Internationally, the General Data Protection Regulation (GDPR) sets the limit at 16 (with flexibility to lower it to 13), while the US requires parental consent for those under 13 on certain sites.

Cross-Border Sharing And Localisation

While the DPDP Act puts restrictions on transferring data to specific countries, Rule 14 talks about putting restrictions on government agencies of particular countries. As pointed out in IGAP’s recommendations, this wording shifts the focus from territorial restrictions to specific entities, thus creating a notable dissonance between the Act and the Rule.

IFF says that the new requirement might impose more stringent restrictions than under the Act’s blacklist model. IFF warns that this creates confusion for businesses, particularly foreign companies in India, adding compliance hurdles and increasing the risk of stricter localisation requirements.

IGAP, which shared its report with The Secretariat, suggests that to avoid confusion, Rule 14 should clearly distinguish between setting conditions for data transfers and completely restricting them.
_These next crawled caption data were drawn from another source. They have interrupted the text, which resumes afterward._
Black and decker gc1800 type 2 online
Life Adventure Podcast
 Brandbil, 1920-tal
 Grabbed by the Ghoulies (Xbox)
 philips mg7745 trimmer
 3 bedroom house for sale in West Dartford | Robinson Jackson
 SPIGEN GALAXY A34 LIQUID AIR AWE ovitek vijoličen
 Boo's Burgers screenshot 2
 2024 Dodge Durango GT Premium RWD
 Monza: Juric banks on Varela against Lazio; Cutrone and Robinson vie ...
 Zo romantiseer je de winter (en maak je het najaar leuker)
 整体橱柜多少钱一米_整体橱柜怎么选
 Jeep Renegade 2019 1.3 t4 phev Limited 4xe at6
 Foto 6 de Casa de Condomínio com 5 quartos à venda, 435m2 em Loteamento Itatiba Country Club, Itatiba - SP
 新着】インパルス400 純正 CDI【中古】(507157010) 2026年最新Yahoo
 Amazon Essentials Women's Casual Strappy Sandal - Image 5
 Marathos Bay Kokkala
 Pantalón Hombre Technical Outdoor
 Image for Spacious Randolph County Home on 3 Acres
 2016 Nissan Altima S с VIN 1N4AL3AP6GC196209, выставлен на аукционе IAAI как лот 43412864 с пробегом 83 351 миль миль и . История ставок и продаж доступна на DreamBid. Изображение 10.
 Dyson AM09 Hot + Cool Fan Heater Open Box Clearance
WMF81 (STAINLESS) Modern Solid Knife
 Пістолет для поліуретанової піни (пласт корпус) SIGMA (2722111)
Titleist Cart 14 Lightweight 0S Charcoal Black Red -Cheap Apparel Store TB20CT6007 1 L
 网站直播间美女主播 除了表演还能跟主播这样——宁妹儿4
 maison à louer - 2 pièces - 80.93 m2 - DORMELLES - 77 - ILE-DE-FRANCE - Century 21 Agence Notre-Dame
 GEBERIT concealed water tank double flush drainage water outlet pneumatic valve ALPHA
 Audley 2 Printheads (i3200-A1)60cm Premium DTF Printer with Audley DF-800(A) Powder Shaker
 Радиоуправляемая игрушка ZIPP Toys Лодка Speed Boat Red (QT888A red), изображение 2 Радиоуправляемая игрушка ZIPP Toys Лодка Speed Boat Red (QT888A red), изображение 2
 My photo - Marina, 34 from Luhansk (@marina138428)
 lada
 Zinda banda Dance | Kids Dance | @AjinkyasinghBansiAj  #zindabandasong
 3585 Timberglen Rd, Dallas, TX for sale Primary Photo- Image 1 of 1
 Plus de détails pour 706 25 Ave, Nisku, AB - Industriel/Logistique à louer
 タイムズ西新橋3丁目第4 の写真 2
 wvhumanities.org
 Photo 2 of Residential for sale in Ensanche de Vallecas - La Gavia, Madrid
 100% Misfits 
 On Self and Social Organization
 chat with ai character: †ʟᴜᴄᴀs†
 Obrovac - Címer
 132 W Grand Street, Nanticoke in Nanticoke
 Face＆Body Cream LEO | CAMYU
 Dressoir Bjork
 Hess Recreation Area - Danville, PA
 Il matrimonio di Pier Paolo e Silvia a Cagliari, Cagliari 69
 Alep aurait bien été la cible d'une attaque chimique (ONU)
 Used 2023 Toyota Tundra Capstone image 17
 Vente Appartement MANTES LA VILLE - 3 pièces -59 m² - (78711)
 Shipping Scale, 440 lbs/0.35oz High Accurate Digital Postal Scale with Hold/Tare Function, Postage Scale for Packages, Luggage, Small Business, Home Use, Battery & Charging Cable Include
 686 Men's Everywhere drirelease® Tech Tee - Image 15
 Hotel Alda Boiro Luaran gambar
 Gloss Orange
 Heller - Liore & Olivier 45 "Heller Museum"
It also recommends that the rule's language should align with Section 16 of the DPDP Act, with specifying restrictions on transfers to countries or regions, rather than individual people or agencies.

Meanwhile, ISAIL suggests that the government introduce sector-specific exceptions for businesses requiring global data transfers (eg, fintech, telecom, e-com). It also recommends that the government align with global adequacy frameworks (eg, GDPR, APEC CBPR) to create seamless cross-border data flow mechanisms.

Rule 22: Violative Of Privacy Rights?

Rule 22 of DPDP states that the central government can request a data fiduciary or intermediary to provide personal information when national security is at risk. The government can also compel a company to disclose an individual’s personal information without notifying the individual whose information is being disclosed to the government.

CCL says that this bypasses consent of the data fiduciary and undermines privacy protections as well as Supreme Court safeguards against state surveillance. It suggests that “any call for information shall be made via a formal written request by the authorities to the data fiduciary”.

It also suggests that there should be a review committee to oversee requests and a requirement to state why the information is needed. Companies must tell people when the government asks for their data, ensuring it follows legal rules on necessity and fairness. CCL also recommends a way to appeal decisions and an independent body to ensure transparency and accountability.

ISAIL’s report concurs and gives similar recommendations. It says that the rule is likely to be challenged in court as it violates the Supreme Court guidelines in PUCL Vs Union of India, and is unlikely to fulfil the three-fold requirement for legality, legitimacy and proportionality in the K S Puttaswamy judgement.

Meanwhile, IGAP says that the wording of Rule 22 is unclear about when and where confidentiality rules apply. This could lead to confusion about whether data fiduciaries are required to keep information requests private, or if they can disclose them in certain situations.

IGAP recommends that data fiduciaries receive clear guidelines on confidentiality when responding to information requests. And since it’s also unclear if companies are required to decrypt encrypted data when asked, even though another rule (Rule 6) requires them to keep data secure through encryption, IGAP recommends that the rules clarify if there is an obligation to decrypt data.

Meanwhile, IFF takes a more dramatic stance, calling for the complete removal of Rule 22. Why? Because it says Rule 22 doesn't set limits on how long data can be stored or how it can be used, raising privacy concerns, and gives the government broad powers to collect data without clear rules or transparency.